Pengamat penerbangan, Alvin Lie, mengatakan prasyarat maskapai asing bisa beroperasional di Indonesia memang harus minimal 51 persen saham dimiliki perorangan WNI atau perusahaan Indonesia. Dengan demikian, maskapai tersebut merupakan maskapai Indonesia, bukan maskapai asing.

“Itu berlaku di negara mana pun. Tidak hanya Indonesia,” ujar Alvin Lie kepada Tirto, Rabu (15/5/2024).

Alvin mengatakan, sebenarnya jika secara bisnis industri transportasi udara Indonesia masih cukup menarik untuk investor asing berbondong-bondong masuk ke Tanah Air. Namun sayangnya, kata Alvin, kenyataannya justru sepi peminat.

Sepinya peminat tersebut antara lain karena Tarif Batas Atas (TBA) yang terus ditekan Kementerian Perhubungan namun tidak dimutakhirkan sesuai dengan beban operasi. Aturan tarif atas dan bawah tiket pesawat diatur dalam Keputusan Menhub Nomor 106 Tahun 2019 tentang Tarif Batas Atas Penumpang Pelayanan Kelas Ekonomi Angkutan Udara Niaga Berjadwal Dalam Negeri.

Margin airlines sangat tipis, bahkan tidak sedikit rute yang merugi,” ucap dia.

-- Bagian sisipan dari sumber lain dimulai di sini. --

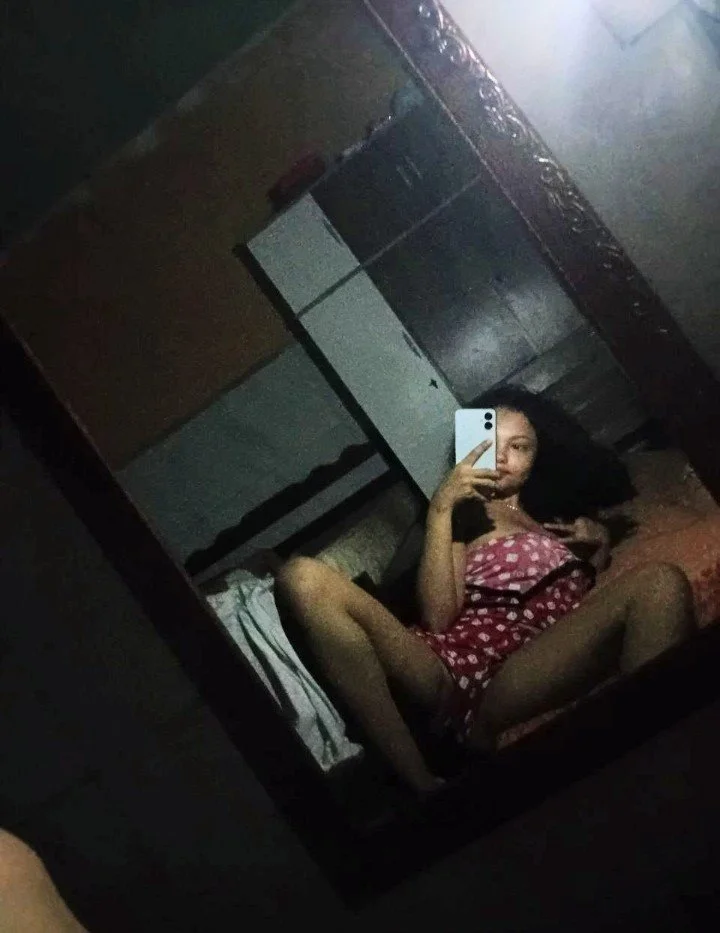 A safadinha mandou postar as novas fotinhas e vídeos dela image 7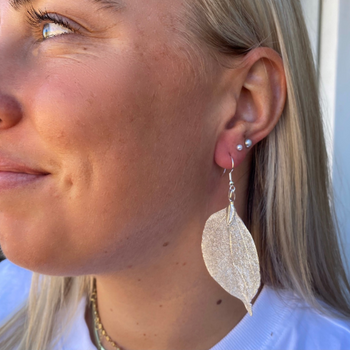 changing season, leaf jewellery, jewellery, womens, womens wear, leaf necklace, leaf earrings, high quality jewellery, jewellery for her, Christmas for her, everyday necklace, free shipping nz wide, nz jewellery, designer jewellery, nz designer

Pengamat penerbangan, Gerry Soejatman, menambahkan untuk saat ini, pasar Indonesia memang sangat atraktif bagi maskapai luar. Namun biaya operasional di Indonesia yang cukup tinggi dan adanya TBA yang rendah, membuat investor asing enggan untuk masuk ke Indonesia saat ini.

“Banyak yang berharap dengan semakin banyaknya maskapai kompetisi akan meningkat. Itu benar, jika TBA-nya tinggi atau tidak ada TBA sama sekali. Justru dengan kondisi saat ini, TBA yang rendah malah memaksakan maskapai untuk menjual tiket mahal di low season,” ujar Gerry kepada Tirto, Rabu (15/5/2024).